World Journal of Surgical Oncology volume 22, Article number: 335 (2024)
Abstract
Background
No studies on neoadjuvant chemotherapy for gastric cancer (GC) with T4b stage were reported. This study aimed to assess the effectiveness of neoadjuvant chemotherapy using DCS regimen (docetaxel, cisplatin, and S-1) for GC with T4b stage.
Methods
Forty-three patients diagnosed GC with surgical or clinical T4b stage received three or four preoperative cycles of DCS therapy followed by gastrectomy and lymphadenectomy between Jan-2018 and Dec-2022. Short-tern outcomes including tumor response, completion of neoadjuvant chemotherapy, toxicity and adverse events, rate of treatment-related death, R0 resection, rate of complete adjuvant chemotherapy and short-term surgical results were investigated. The oncologic outcomes comprised 3-year OS and 3-year disease-free survival (DFS).
Results
A total of 43 patients with T4b gastric cancer were included in the analysis. Among them, twenty-five patients underwent gastrectomy and lymphadenectomy. The completion rate of neoadjuvant chemotherapy was 88.4%, including 4 cycles of 51.2% and 3 cycles of 37.2%. The disease-control and clinical response rate were 88.4% and 58.1%, respectively. During preoperative chemotherapy, grade 3/4 neutropenia occurred in 20.9%, anemia in 13.9%, hyponatremia in 4.8%, and vomiting in 2.3%. Pathologic complete response was achieved in 8.0%. After surgery, no patient experienced severe complications (Clavien Dindo > = 3). The R0 resection rate was 72.0% and the rate of complete adjuvant chemotherapy was 83.3%. The 3-year OS and DFS rates were 49% and 38%, respectively.
Conclusions
Neoadjuvant chemotherapy with DCS regimen demonstrated a high tolerance, high tumor response rate, high complete adjuvant chemotherapy rate and satisfactory 3-year survival outcomes. Three- or four-course of preoperative DCS regimen is a promising approach for GC with T4b stage.
Introduction
Gastric cancer (GC) poses a major public health challenge and ranks the most prevalent cancers in the world [1]. For advanced cases, a multidisciplinary therapy is necessary for treatment. Gastrectomy and proper D2 lymphadenectomy remains a curative treatment for resectable tumors. Achieving complete surgical resection (R0) plays the most important factor for improving survival rates. The overall survival (OS) rate was higher in the prior studies achieved high R0 [2,3,4,5,6]. In patients with T4b stage GC, curative surgery might not be achieved due to the direct invasion of tumor into the adjacent organs and/or major blood vessels. In previous studies, gastrectomy combined with multivisceral resection (MVR) was conducted to attain R0 surgery. However, MVR is associated with elevated rates of morbidity and mortality with the rate of severe complications of 5.0–33.3% [2, 3, 5,6,7,8,9,10,11,12,13,14,15,16,17,18,19]. The non-curative resection rate was reported as 20–47% [2, 3, 5, 6, 9,10,11,12,13,14] and the compliance of adjuvant therapy after MVR was low (25–59.5%) [2, 3, 6, 10, 13, 14]. These factors resulted in the unsatisfactory 5-year overall survival (OS) rate of only 16–30% for those who underwent upfront gastrectomy [2,3,4, 11,12,13,14, 19,20,21,22]. Thus, the upfront radical surgery of GC with T4b is still challenging and may lead to a poor prognosis.

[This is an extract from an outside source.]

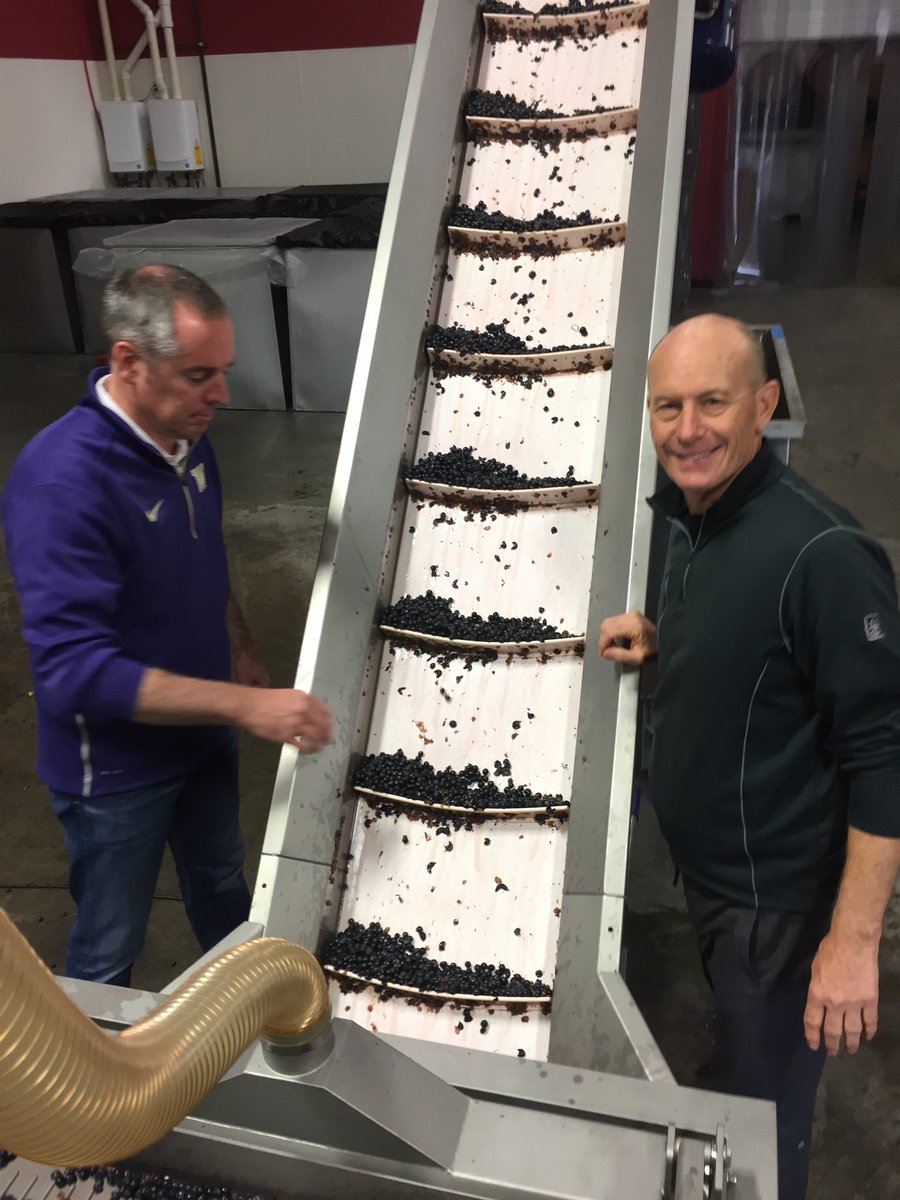 PassingTimeWine's tweet photo. Kevin & Doug were hard at work crushing fruit from #Champoux and #Pepperbridge earlier this week. #WAWine https://t.co/NeqMPdLMg1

For advanced GC, neoadjuvant chemotherapy has been suggested to reduce tumor invasiveness, improve the R0 resection rate, and mitigate the poor prognosis [23,24,25,26,27]. Neoadjuvant chemotherapy with 5-FU, leucovorin, oxaliplatin, docetaxel (FLOT) or epirubicin, cisplatin, 5-FU (ECF) or ebirubicin, cisplatin, capecitabine (ECX) regimens were recommended for advanced GCs in Western countries [28,29,30,31,32]. However, in Asian countries, the S-1 based regimens were favorable in several studies. Among that, DCS regimen was utilized for preoperative chemotherapy for GC with advanced stage or extended lymph node metastasis in several trials. This triplet regimen demonstrated high completion rate, clinical response rate, and promising oncologic outcomes [33,34,35,36,37].
Until now, no studies on neoadjuvant chemotherapy focusing on the T4b stage have been reported. Thus, investigations on neoadjuvant chemotherapy for GC with T4b is necessary.

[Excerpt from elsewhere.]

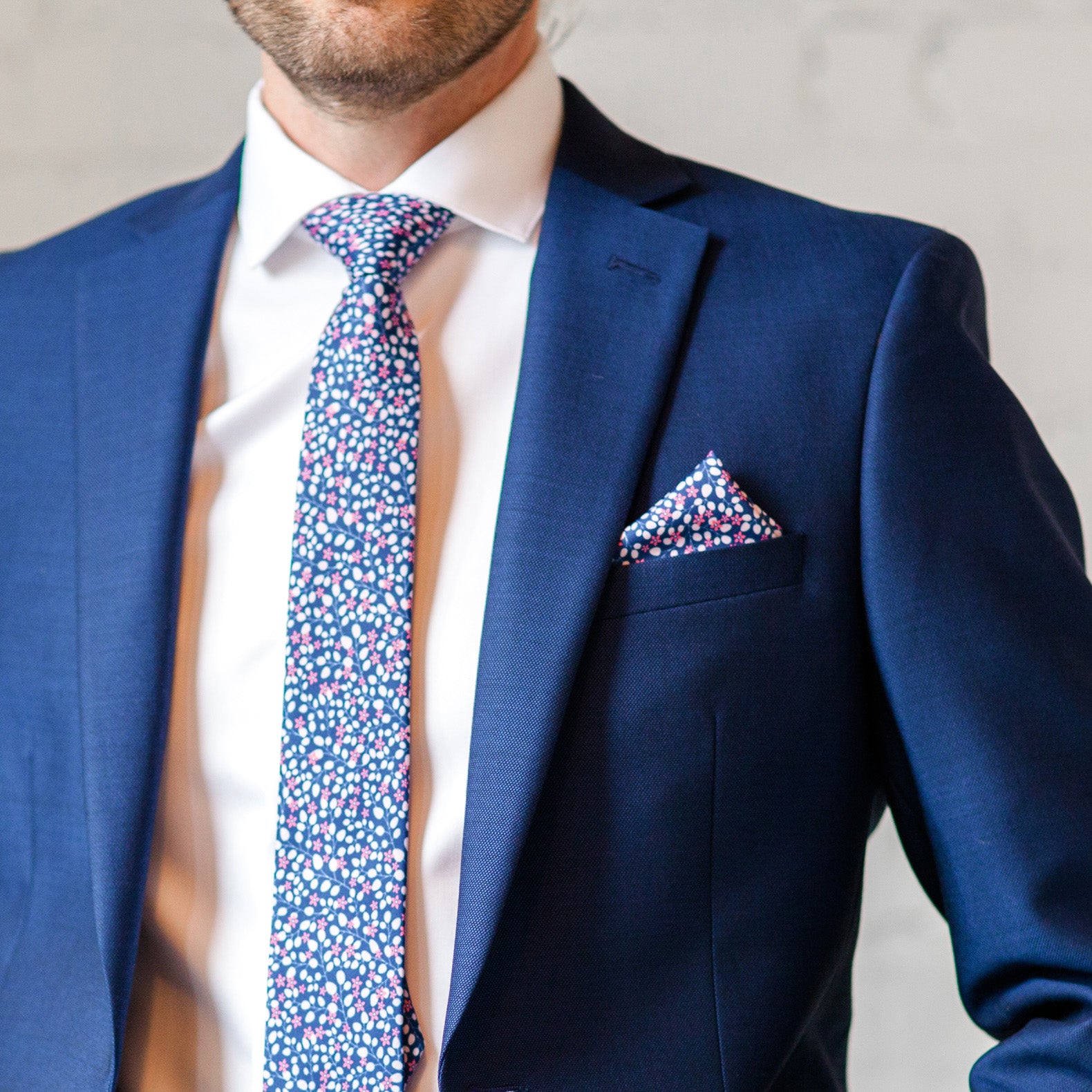 micro floral necktie and pocket square worn with suit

Therefore, we conducted this study to assess the effectiveness of neoadjuvant chemotherapy using DCS regimen (docetaxel, cisplatin, and S-1) for the treatment of GC with T4b stage in terms of safety, toxicity, response rate, surgical and oncological outcomes.
Patients and methods
Patients
This retrospective study included 43 Vietnamese patients with clinical (28 patients, 65.1%) or surgical (15 patients, 34.9%) T4b GC between January 2018 and December 2022 at the Gastro-intestinal Surgical Department of the University Medical Center, a tertiary hospital in Ho Chi Minh City, Vietnam. The study was approved by the Institutional Review Board of the hospital.
The eligibility criteria included: (i) confirmed histology of gastric adenocarcinoma, (ii) clinical or surgical staging at T4b stage, (iii) satisfactory hematological, liver, and renal functions, with specific parameters including a white blood cell count from 4,000 to 12,000/mm3, neutrophil count ≥ 2,000/mm3, hemoglobin > 10 g/dL, platelet count ≥ 100,000/mm3, aspartate aminotransferase (AST) and alanine aminotransferase (ALT) ≤ 100 IU/L; total bilirubin ≤ 1.5 mg/dL; creatinine ≤ 1.2 mg/dL and creatinine clearance ≥ 60 mL/min, and (iv) an Eastern Cooperative Oncology Group (ECOG) performance status of 0 or 1.
Criteria for clinical T4b staging: abscence of normal fatty planes between the tumor and surrounding organs on an abdominal computed tomography scan, and reviewed by a multidisciplinary team (MDT), or identified intraoperative finding.
The exclusion criteria comprised of (a) presence of distant organ metastasis (M1), except para aorta lymph node metastasis, (b) tumor invaded into the pancreatic head (right side of the gastroduodenal artery) or the hepatic hilum, (c) concurrent or history of previous other cancers, (d) prior chemotherapy treatment, (e) history of gastrectomy, (f) presence of central nervous system disorder, (g) active hepatitis B, and (h) pregnancy or breastfeeding.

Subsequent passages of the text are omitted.